BEGIN

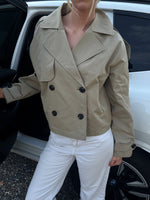 Modelfoto af pige der bærer Carlie jakke i beige, samt hvid bukser. Alt fra BySofieSønderby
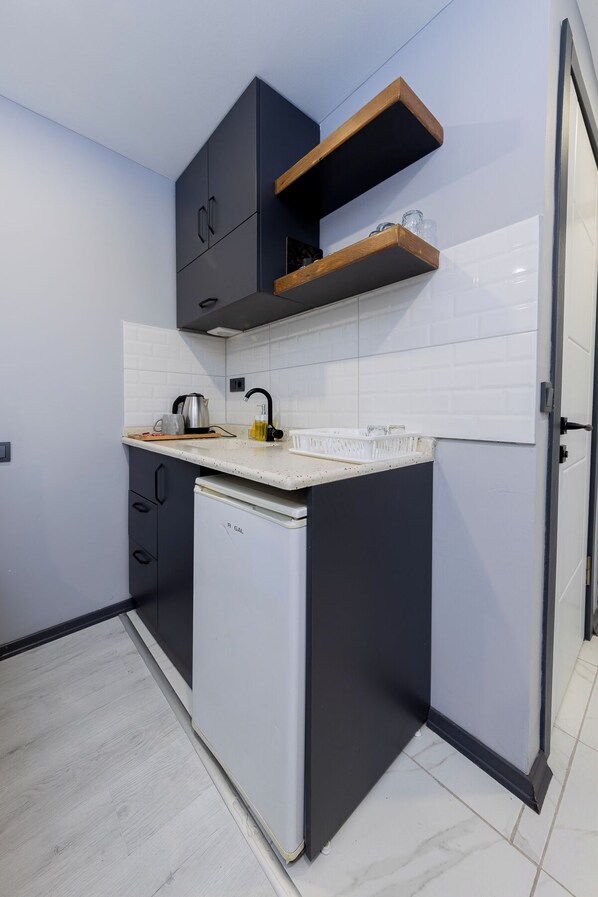 A compact kitchen with a refrigerator, a sink, and a countertop. - AYA LANGA HOTEL (Istanbul)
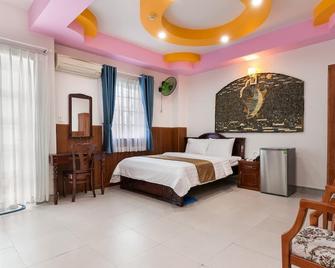 هابي هوم - هوتشي مين سيتي - غرفة نوم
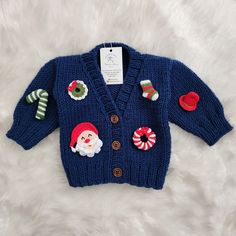 100% HAND MADE: Made from thick wool blend hand knitting yarn, this crochet cardigan is designed to keep your baby comfortable in the cold months. Every step of this Christmas cardigan is 100% handmade. It does not contain chemicals that may affect human health and keeps your little ones warm. COLOR AND SIZE: This toddler cardigan is produced in all sizes, starting from newborn to 0-2 age group. Also, regarding color, if there is a color you want, we can produce this Christmas jacket in that color. PERSONALIZED PATTERN: The patterns on this knitted cardigan can be changed upon your request and personalized holiday patterns can be created. Do not hesitate to contact us regarding this issue. CARDIGAN INSTRUCTIONS: These instructions are for washing a garment and should be followed to ensure Cute Winter Sweater As A Gift, Winter Crochet Acrylic Yarn Cardigan, Cute Crochet Cardigan For Winter, Cute Crochet Winter Cardigan, Handmade Sweater As Winter Gift, Handmade Sweater Winter Gift, Newborn Winter Clothes, Newborn Cardigan, Valentine's Day Crochet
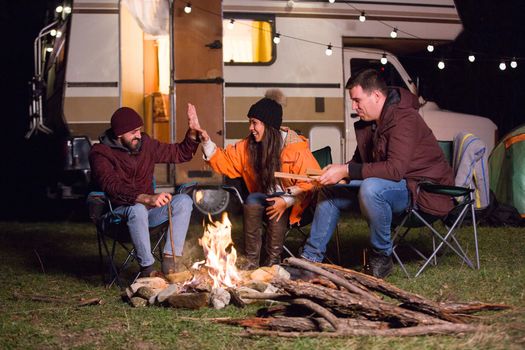 Group of close friends around camp fire laughing with retro camper van in the backgroud. Friends camping in the mountains.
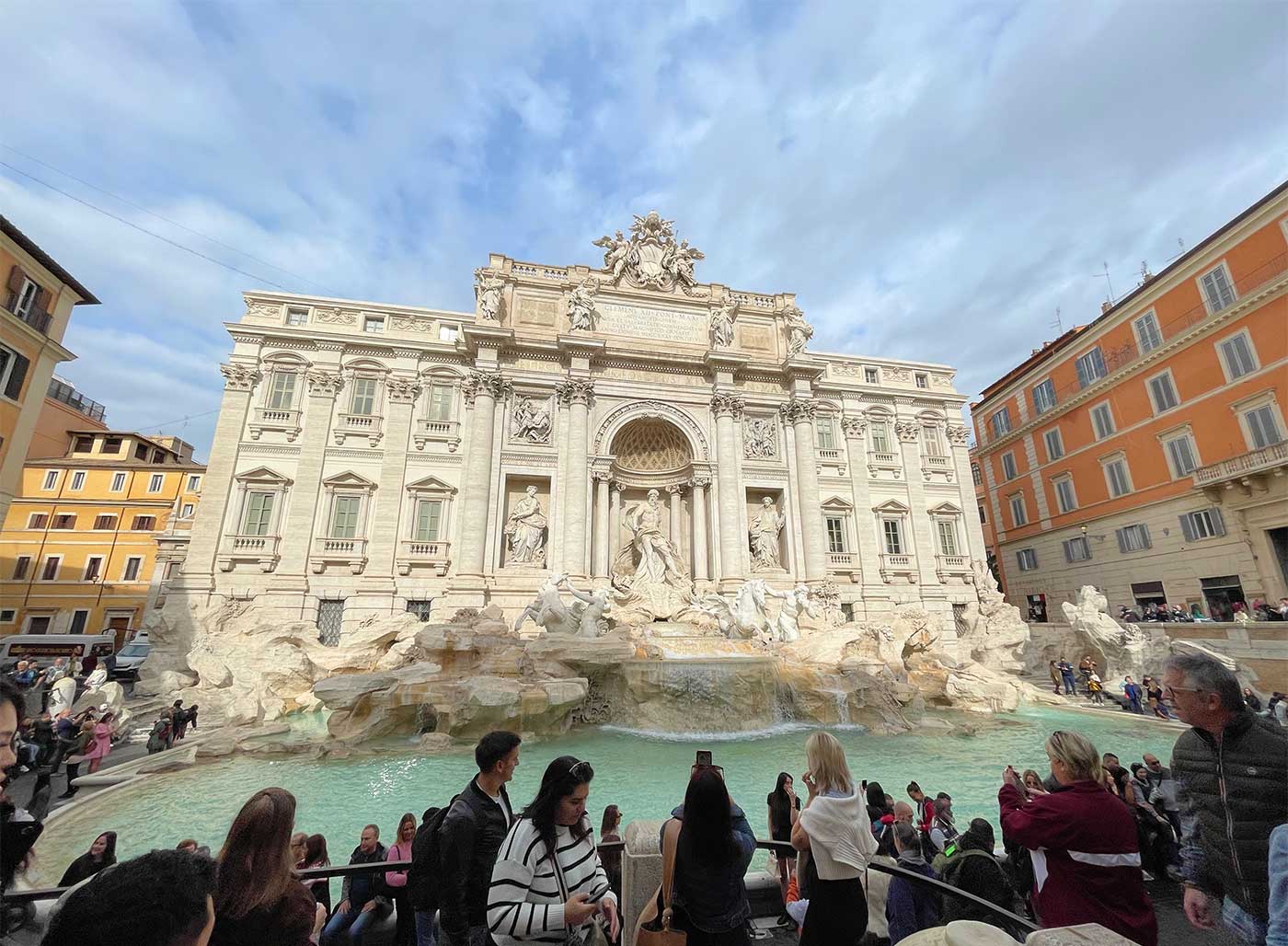 Trevi Fountain set against a blue sky.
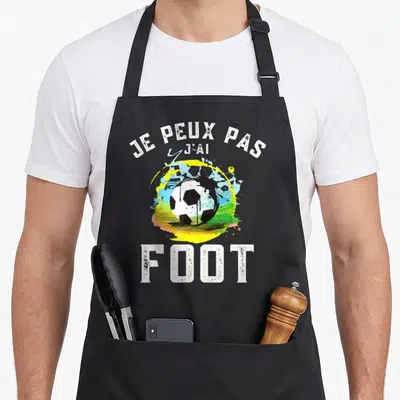 Tablier de cuisine noir avec motif Je peux pas j'ai foot et ballon de football coloré.
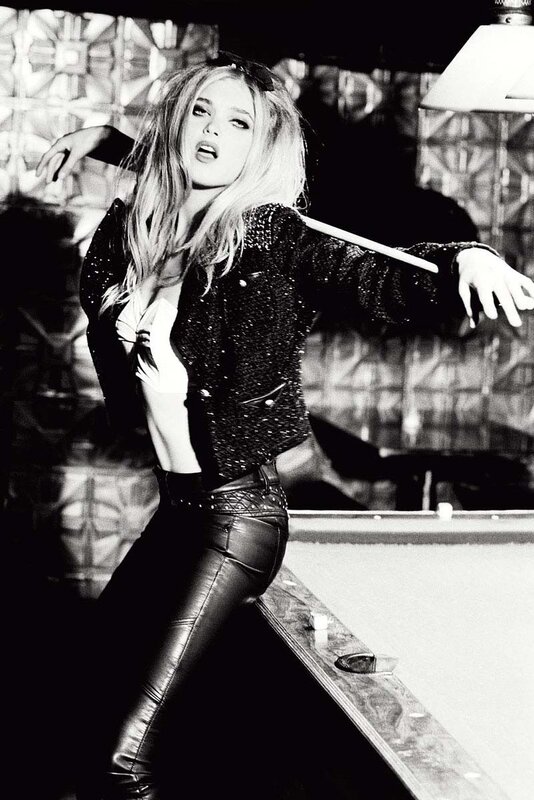 woman in leather jacket posing
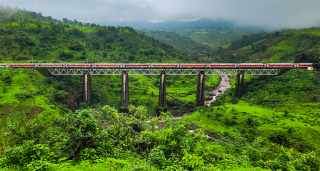 Igatpuri Indian Railway Train crossing in India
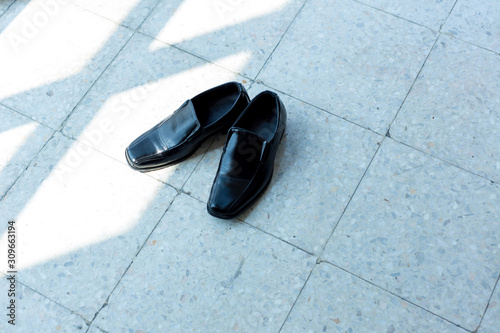 Groom black elegant shoes. Male elegance dress shoes. Wedding groom leather black lacquered shoes. Wedding concept.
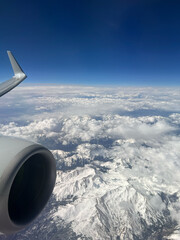 Elevated Panorama: Snow-Covered Mountains and Clouds Viewed from an Airplane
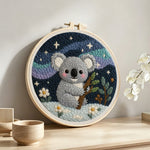 Koala and mountains under the stars punch needle artwork displayed on a table
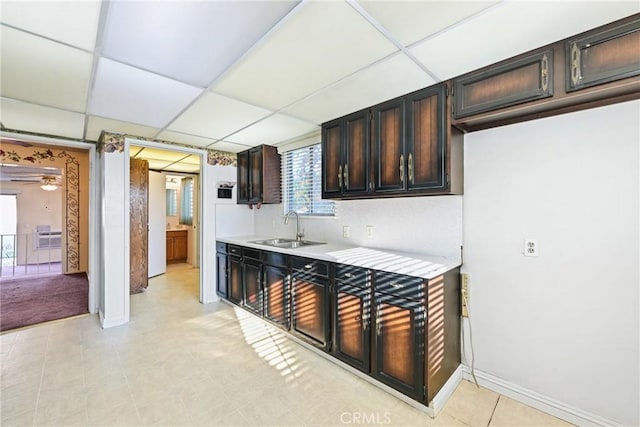 kitchen with dark brown cabinets, ceiling fan, a drop ceiling, and sink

END

Repeat all entries exactly. Skip the pictures.

Exercise answer>
 Modelfoto af pige der bærer Carlie jakke i beige, samt hvid bukser. Alt fra BySofieSønderby
 A compact kitchen with a refrigerator, a sink, and a countertop. - AYA LANGA HOTEL (Istanbul)
 هابي هوم - هوتشي مين سيتي - غرفة نوم
 100% HAND MADE: Made from thick wool blend hand knitting yarn, this crochet cardigan is designed to keep your baby comfortable in the cold months. Every step of this Christmas cardigan is 100% handmade. It does not contain chemicals that may affect human health and keeps your little ones warm. COLOR AND SIZE: This toddler cardigan is produced in all sizes, starting from newborn to 0-2 age group. Also, regarding color, if there is a color you want, we can produce this Christmas jacket in that color. PERSONALIZED PATTERN: The patterns on this knitted cardigan can be changed upon your request and personalized holiday patterns can be created. Do not hesitate to contact us regarding this issue. CARDIGAN INSTRUCTIONS: These instructions are for washing a garment and should be followed to ensure Cute Winter Sweater As A Gift, Winter Crochet Acrylic Yarn Cardigan, Cute Crochet Cardigan For Winter, Cute Crochet Winter Cardigan, Handmade Sweater As Winter Gift, Handmade Sweater Winter Gift, Newborn Winter Clothes, Newborn Cardigan, Valentine's Day Crochet
 Group of close friends around camp fire laughing with retro camper van in the backgroud. Friends camping in the mountains.
 Trevi Fountain set against a blue sky.
 Tablier de cuisine noir avec motif Je peux pas j'ai foot et ballon de football coloré.
 woman in leather jacket posing
 Igatpuri Indian Railway Train crossing in India
 Groom black elegant shoes. Male elegance dress shoes. Wedding groom leather black lacquered shoes. Wedding concept.
 Elevated Panorama: Snow-Covered Mountains and Clouds Viewed from an Airplane
 Koala and mountains under the stars punch needle artwork displayed on a table
 kitchen with dark brown cabinets, ceiling fan, a drop ceiling, and sink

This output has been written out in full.